(Image-text web data)
+ + +

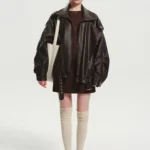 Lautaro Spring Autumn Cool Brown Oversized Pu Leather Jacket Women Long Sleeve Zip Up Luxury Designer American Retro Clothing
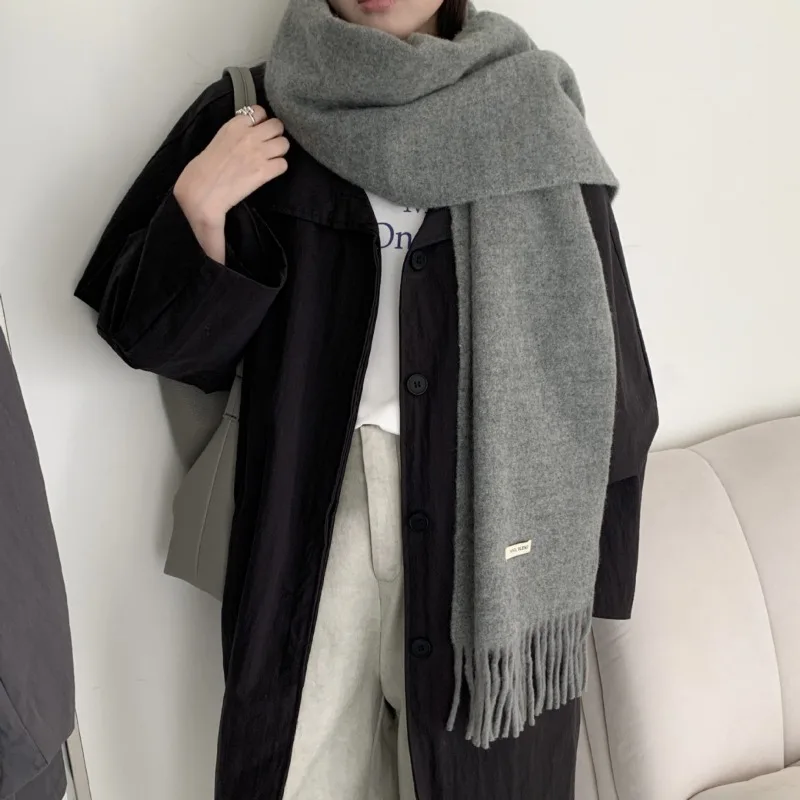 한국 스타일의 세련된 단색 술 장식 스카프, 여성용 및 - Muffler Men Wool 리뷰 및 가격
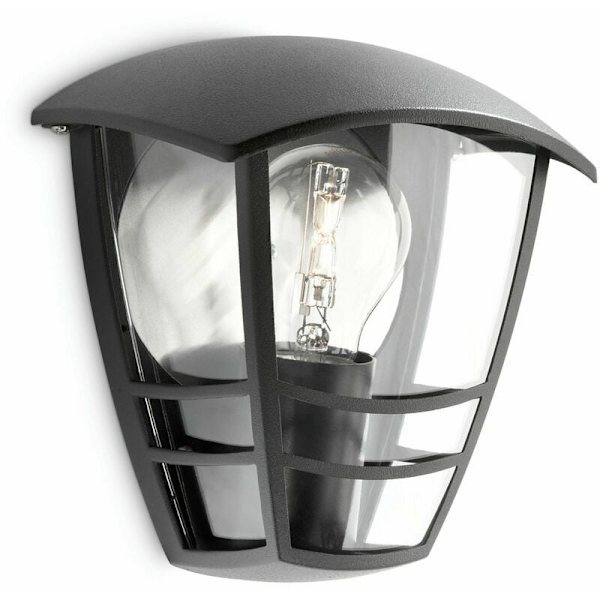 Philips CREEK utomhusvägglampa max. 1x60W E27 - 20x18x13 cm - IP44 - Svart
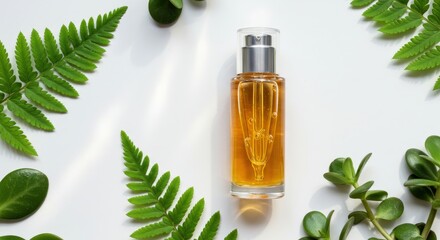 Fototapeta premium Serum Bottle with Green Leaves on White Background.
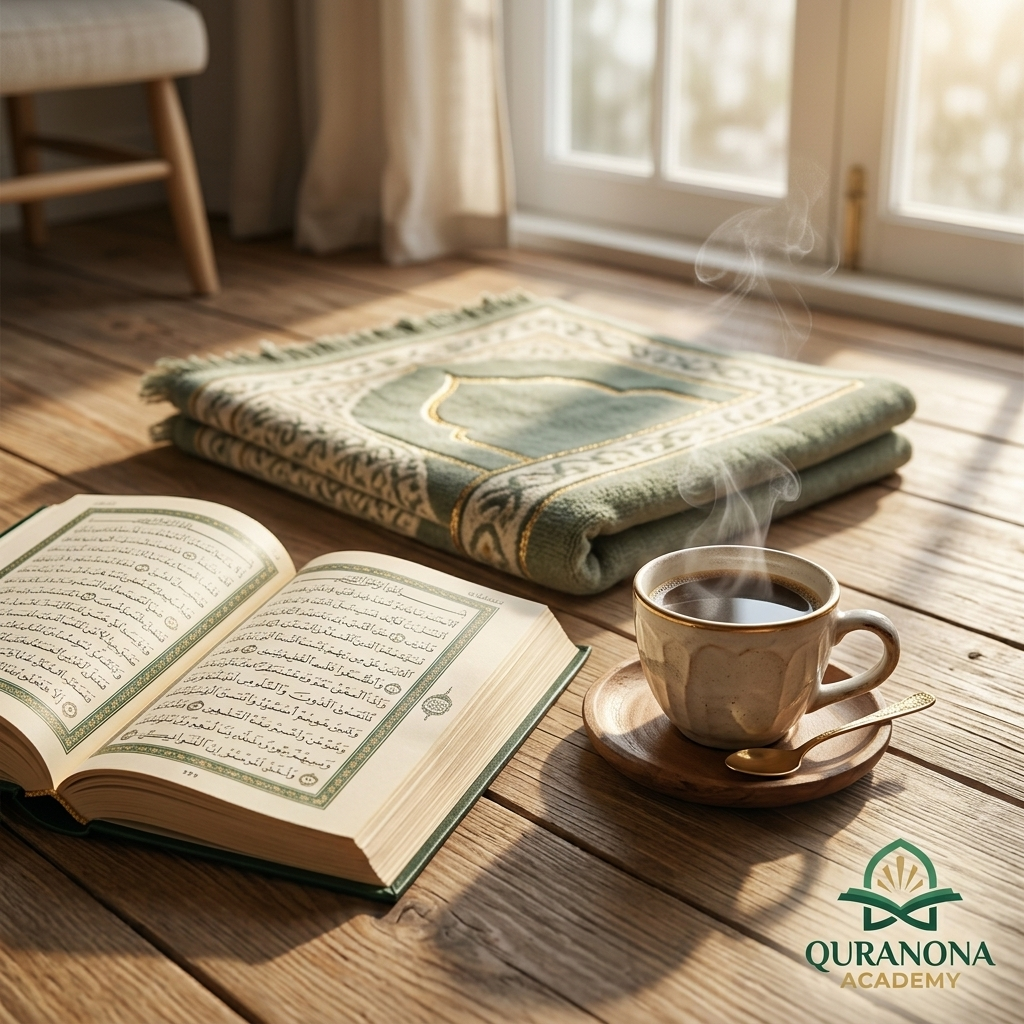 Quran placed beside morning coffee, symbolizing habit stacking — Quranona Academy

+ + +

#### [Aim of the exercise]
The lines from the one containing "한국 스타일의 세련된" through the final line of the data are to be repeated exactly, with both ends included and all pictures left out.

#### [Result of the exercise]
 한국 스타일의 세련된 단색 술 장식 스카프, 여성용 및 - Muffler Men Wool 리뷰 및 가격
 Philips CREEK utomhusvägglampa max. 1x60W E27 - 20x18x13 cm - IP44 - Svart
 Fototapeta premium Serum Bottle with Green Leaves on White Background.
 Quran placed beside morning coffee, symbolizing habit stacking — Quranona Academy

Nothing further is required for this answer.